Code Compliance For Enlarging Existing Buildings – Beware the Exceptions
By Austin Regan
We have touched on Administrative Code section AC 28-101.4.5 “Work that increases existing floor surface area of a prior Code building by more than 110 percent.” This section, introduced in the 2014 Code, clarifies that when enlarging a building built under a previous Code, if the enlargement increases the size of the building more than a certain amount, then the application will be treated as a new building and the entire building will be required to follow the 2014 building Code.
As the title suggests, once you more than double the size of the building, it will be treated like a new building. Titles can be misleading. The trigger for 2014 new building compliance can occur in a much smaller enlargement depending on the proposed work and how it is performed.

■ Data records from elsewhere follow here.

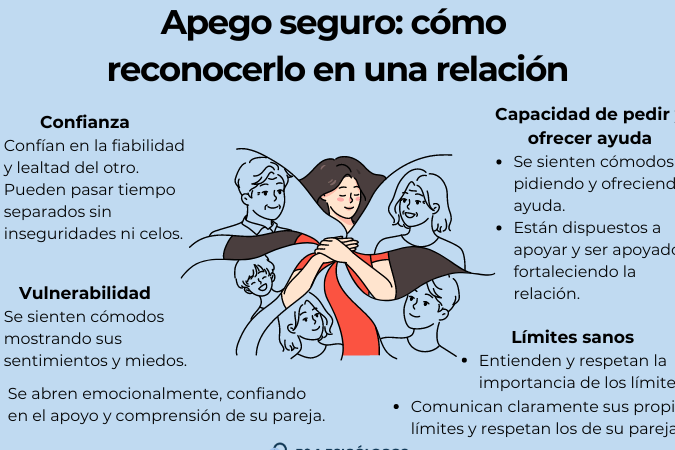 apego seguro y prevencion del bullying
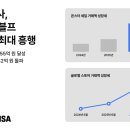 글로벌직구파트너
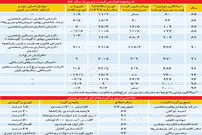 پیشگویی‌های بنزینی
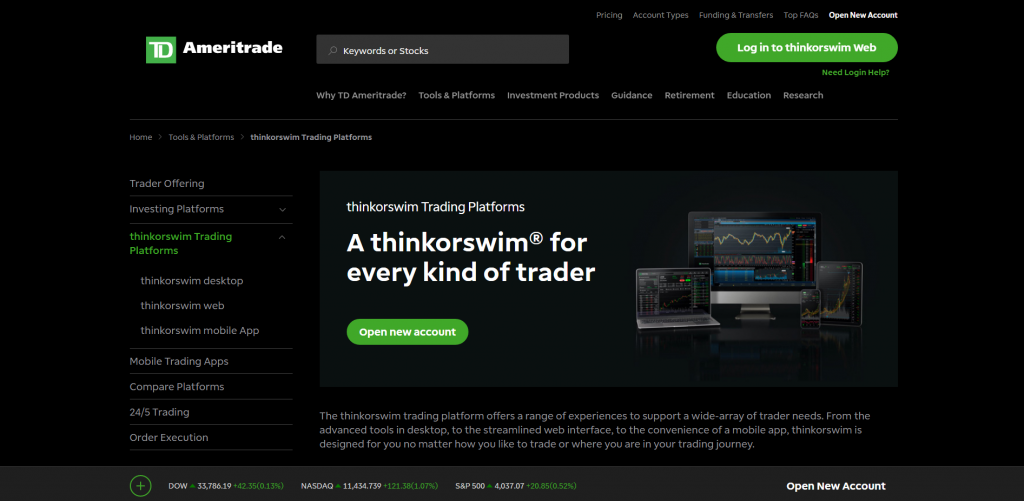 Thinkorswim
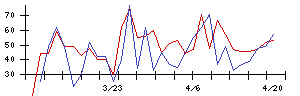 東海リースの値上がり確率推移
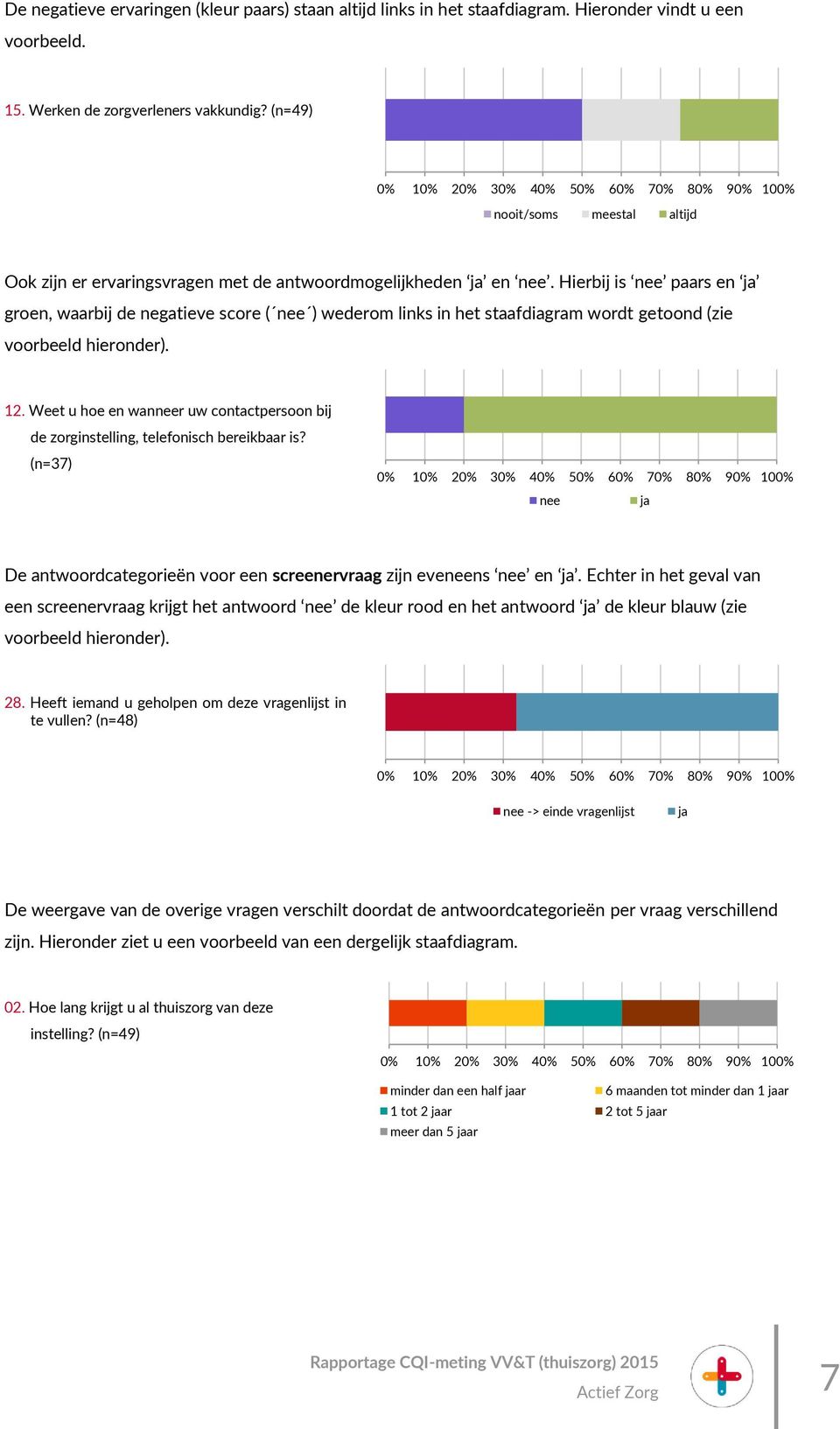 Hierbij is nee paars en ja groen, waarbij de negatieve score ( nee ) wederom links in het staafdiagram wordt getoond (zie voorbeeld hieronder). 12.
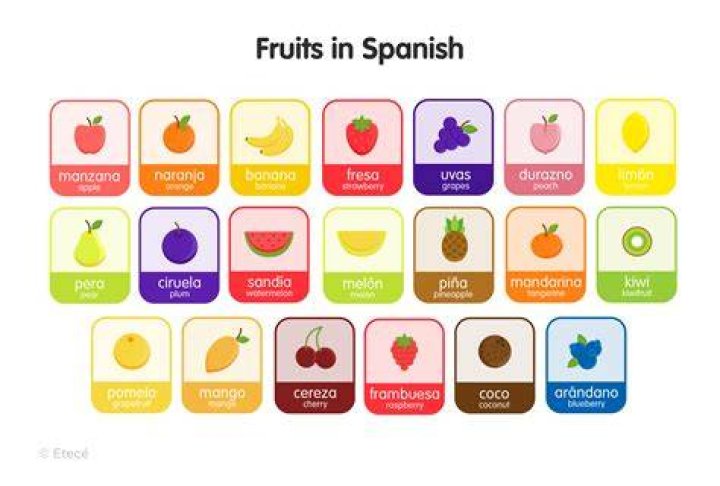Spanish main fruits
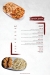 Turkan menu Egypt 2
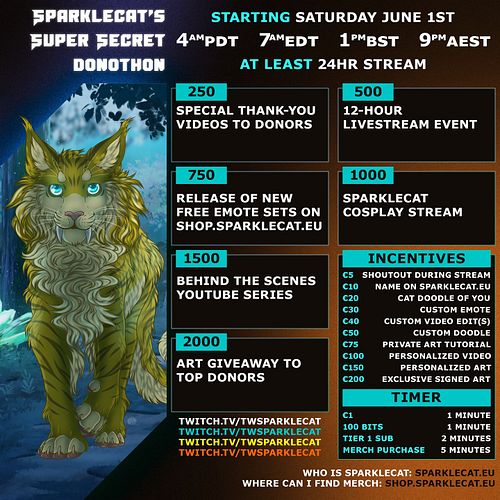 SUPER SECRET DONOTHON!
https://twitch.tv/twsparklecat
Join us on June 1st.

Profits will go to my secret project, which one p...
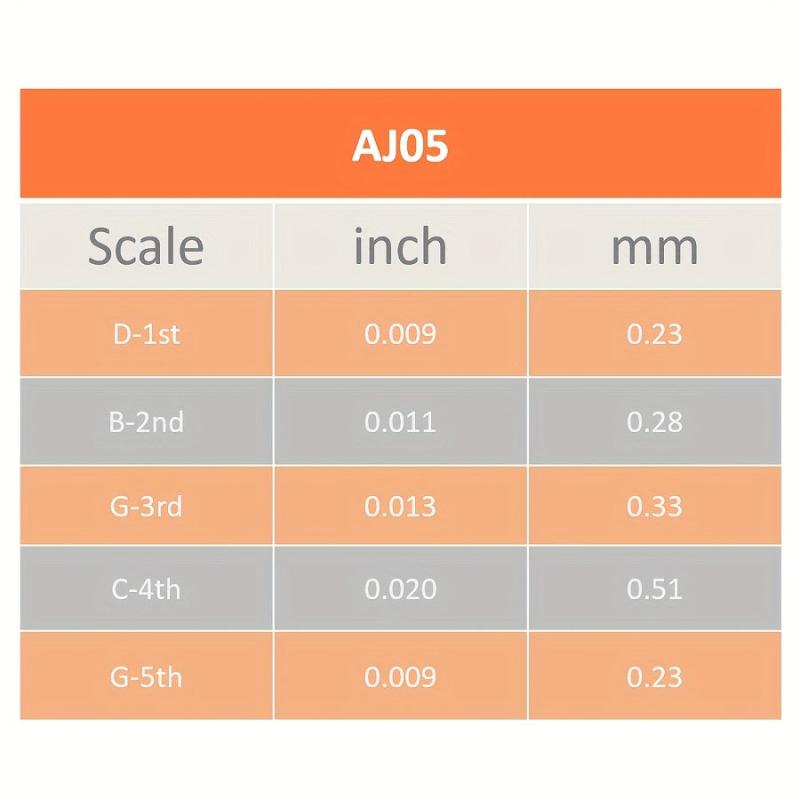 AJ05 5 String Banjo Strings Light Gauge for Smooth Playing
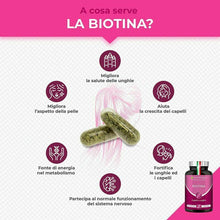 Carica l'immagine nel visualizzatore di Gallery, Biotina Nutrimea Trattamento 4 Mesi | 120 capsule | Zinco Selenio Vitamina It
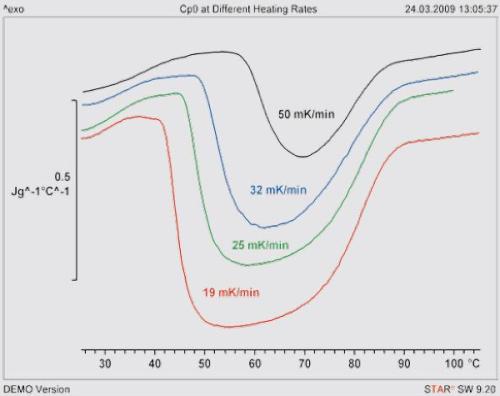 Quasi-static heat capacity as a function of temperature for different heating rates.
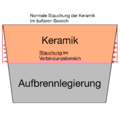 Vorschaubild der Version vom 17:34, 22. Mär. 2023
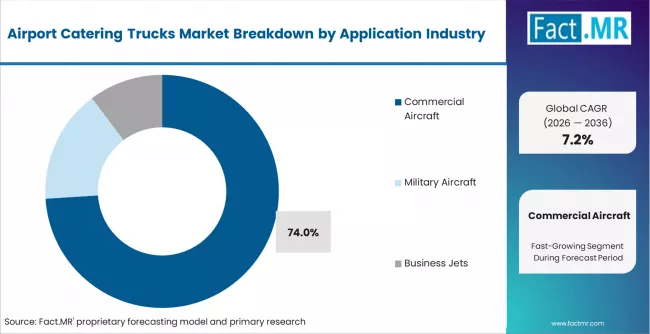 Airport Catering Trucks Market Analysis By Application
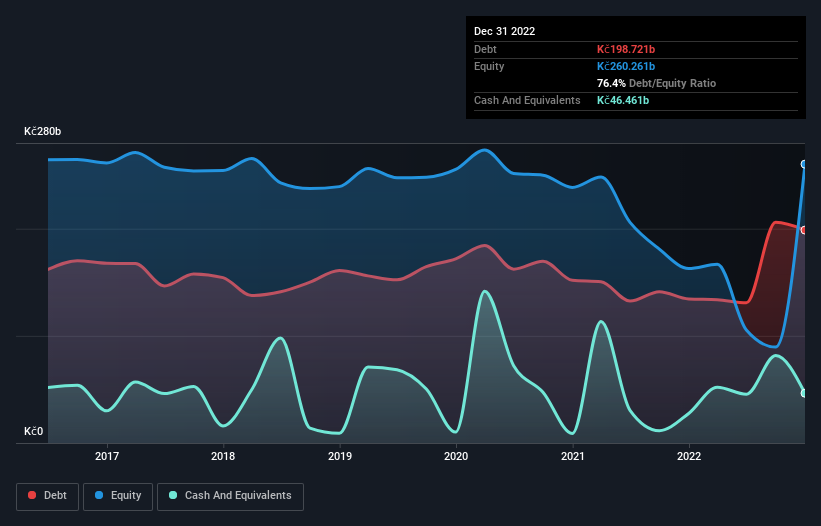 debt-equity-history-analysis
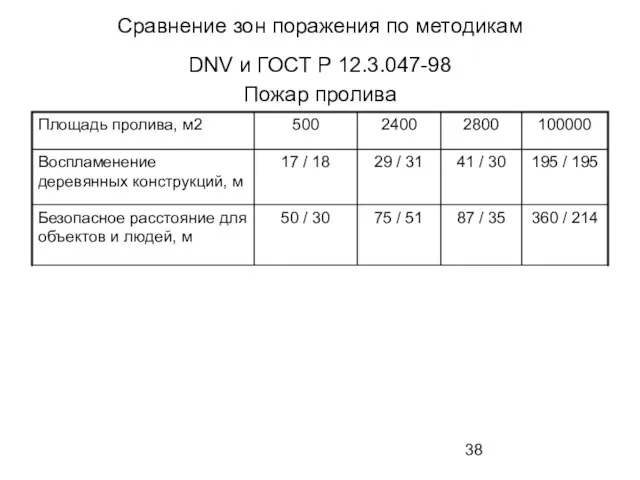 Сравнение зон поражения по методикам DNV и ГОСТ Р 12.3.047-98 Пожар пролива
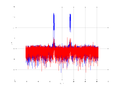 20160127 Wideband 1000 kHz -16 dBm align Pure spatial NA7 NT1.png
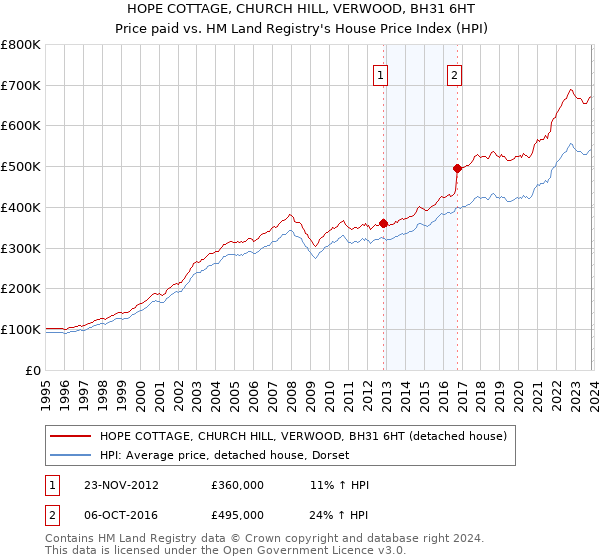 HOPE COTTAGE, CHURCH HILL, VERWOOD, BH31 6HT: Price paid vs HM Land Registry's House Price Index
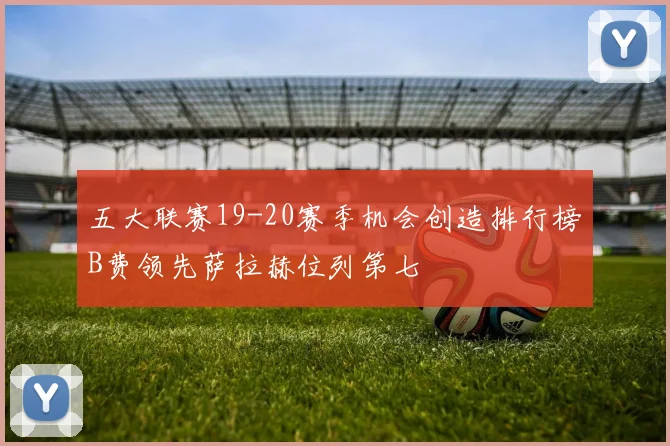 五大联赛19-20赛季机会创造排行榜B费领先萨拉赫位列第七
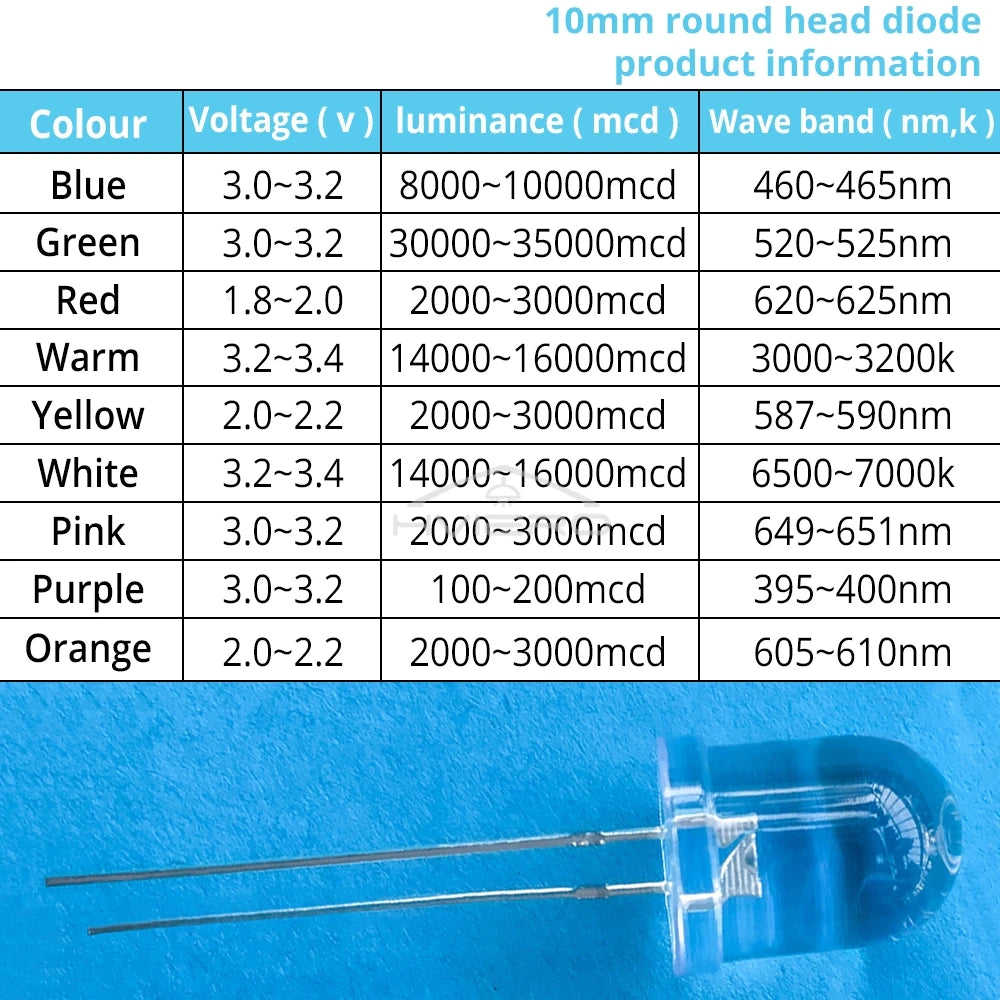 diodes led mixte bleu vert rouge jaune blanc orange rose 10mm rond transparent 50pcs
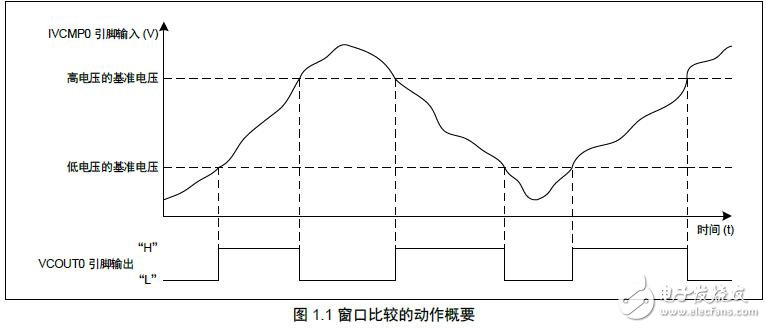 基于R7F0C004运行窗口比较器的应用方法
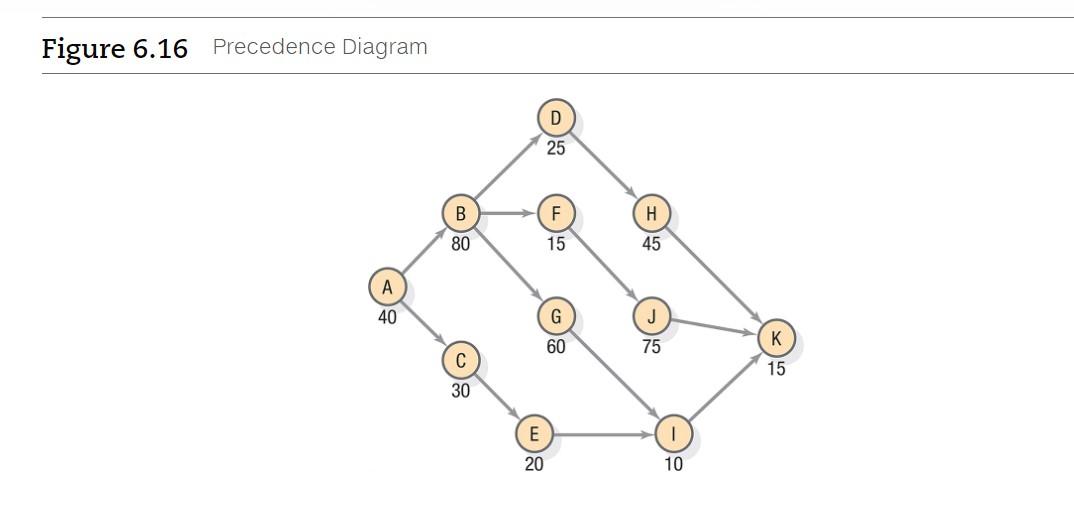 Use the longest work element rule to balance the assembly line described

The measurement to determine when one exceeds the 110% threshold is the amount of “floor surface area.” This is a defined term. “Floor surface area is the gross square foot area of all horizontal floor and roof surfaces, including roofs of bulkheads and superstructures, including, cellar, attic and roof.” That sounds pretty generous since cellars and attics are included. The Department must have thought so too because they added the following exceptions which clarified what counts as existing floor surface area.
Exception: “… the following shall be excluded from the measured square footage of floor surface area:
1. The square footage of floors removed during the course of work when such floors are removed together with the supporting beams, joists, decking slabs on grade.”
Take the hypothetical case of a two story building with a cellar. Per the definition of floor surface area, this building has four levels of existing floor surface area. Assuming all levels are of equal size, one could enlarge this building to six stories (the new roof counts as a level). If the new floor plates were smaller in size then the existing, the building could theoretically add more stories since the ultimate determinant is total square footage not number of levels.
Now, when analyzing the same two story with a cellar, if it was determined that the roof structure needed to be replaced because it was not adequate to serve as a floor and the cellar needed to be lowered to provide proper headroom. Now, the only existing floor surface area that would count would be the first and second floor. The 100% enlargement threshold is reached once the new cellar floor slab is poured and the roof structure replaced. In this case no additional levels can be added without the building needing to comply completely with the 2014 Code ( Note that the threshold is 110% not 100% but we are using the latter to make the math simpler).
There is a second exception. This one disallows any new floor surface area that was installed prior to the application for enlargement if the application related to that work is signed off less than 12 months prior to the submittal of the new application.
So architects and engineers must be very careful when specifying the removal of any floor structures, roof structures or slabs on grade. In the case of enlarging our example building, changing from a two story building to a 5 or 6 story may trigger Code requirements under previous Codes for an elevator or a second egress stair. The partial floor removals to accommodate these items would also reduce the total amount of existing floor surface area used to calculate compliance with AC 28-101.4.5.
So if approached incorrectly, straight removal and replacement of floor and roof structures could lead to an existing building having to fully comply with the 2014 Code. Value Engineering exercises that determined that it was easier to fully replace a floor structure as opposed to reinforcing it can have severe implications on the ability to enlarge or even modify a building under a previous Code.